This week in Parliament, we debated the human impact of the COVID pandemic. Unfortunately, time was limited and many MPs wished to contribute. To accommodate everyone, speech times were cut at the last minute—first to three minutes, then to just two. This left many of us scrambling to shorten our remarks.
The video clip shows the speech I delivered under those constraints, while the text below is the full version I had originally intended to give. A recording of the full debate is here.
The Growing Impact of Long COVID.
Earlier this year we held a day of reflection across the UK, to mark five years since the start of the pandemic. It was, rightly, a moment to remember those we lost, and pay tribute to the incredible sacrifices that were made as we attempted to control the spread of the virus. However, we need to be wary of treating COVID as an historic event, something that we fought and eventually overcame, as this fails to capture the very real impact that it continues to have on many lives, throughout the UK.
Covid has not disappeared – just last summer, 443 people in Scotland were hospitalised with COVID, in the space of a week. And, possibly more worryingly, the landmark EAVE II Long Covid sub-study found that long COVID is now “common in Scotland, with a similar prevalence to conditions such as stroke, COPD or atrial fibrillation.”

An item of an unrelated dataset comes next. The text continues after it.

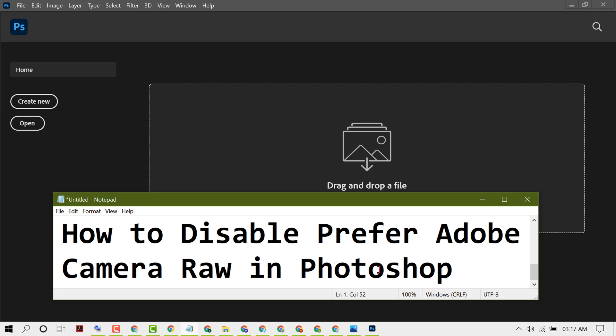So guys, if you need to disable and turn off Prefer Adobe Camera Raw, just you need to click on Edit.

Throughout the UK, the ONS has estimated that anywhere between 2-5% of the population have been or continue to be impacted by long COVID. Many of us will know somebody who felt fatigued for months after they caught the virus, but the wide range of possible, often hard to define, symptoms makes accurately diagnosing and treating long COVID a persistent challenge.
Feeling tired is one of the most reported symptoms, but it is often difficult to fully appreciate what this means, or feels like, without first-hand experience. Additionally, in the current political environment, where disability benefit claimants face increasing levels of scrutiny, I worry that certain negative tropes have started to spread which falsely portray long COVID as a mild or imaginary illness.
This could not be further from the case. The people who now find themselves unable to work or take care of their children, play football or go for a run, lived normal lives before they contracted this virus. They are not to blame for their exposure to COVID, or for the way their body reacted over the short and the long term. Long COVID is not an invention or conspiracy they have invented in order to “work the system.”
I don’t doubt that the scepticism which exists arises in part from the fact that most of us, at some point over the last 5 years, caught COVID. I can therefore understand why some, who bounced back with relative ease, might ignore or downplay other’s complaints around long-term, unshakeable symptoms. If everybody was lucky enough to be an MP – hearing from an incredible variety of voices from all manner of backgrounds, classes and communities – then I’m sure this attitude would quickly be dispelled; however, since this is not the case, I hope I can share a story from one of my constituents, Sophie, which starkly portrays the reality of living with long COVID.
Sophie enjoyed a full and active life, before the pandemic. She used to run to her office in the mornings, where she oversaw a small, dedicated team of designers. Now, she relies on a wheelchair to get around and is largely housebound. In her own words, “I am desperate to get back to my career and live again,” but doctors have been unable to help her.
Sophie is just one of a small, but growing number of constituents who write in to me with stories which highlight the seemingly irreversible impact that a COVID infection has had on their lives. With no proven treatments or a cure in sight, we can’t afford to treat COVID as old news – we need to keep talking about it.
I don’t believe that we should have to turn this into an economic argument in order for people to take long COVID more seriously. But various studies have shown that we not only lost billions in productivity to long COVID in the immediate aftermath of the pandemic, but could lose a further £4.2billion by 2030 as a result of the long-term impact on our annual health care bills.
The best way to protect people from long COVID, and lessen the impact on our over-stretched NHS, is to reduce exposure and maintain a high rate of vaccination in communities which may be more susceptible to the long-term effects. But it increasingly feels like reinfection is being normalised.
As we continue to develop new models which will help us predict who is most at risk, and drive more accurate diagnosis, it is vital that we also offer the critical support that people like Sophie need. Whether this be through dedicated community hubs, many of which have been shutdown over the last couple of years, or individualised treatment plans developed by GPs referring patients to specialists, it is essential that we do not ignore this “invisible” condition.
So long as treatment options remain limited, and new patients continue to join the thousands already grappling with long COVID on a daily basis, we need to do three things: invest in new trials and research; empathise with people who’ve had their lives radically transformed by a COVID infection, and recognise that while the threat posed by COVID may have diminished, it still exists.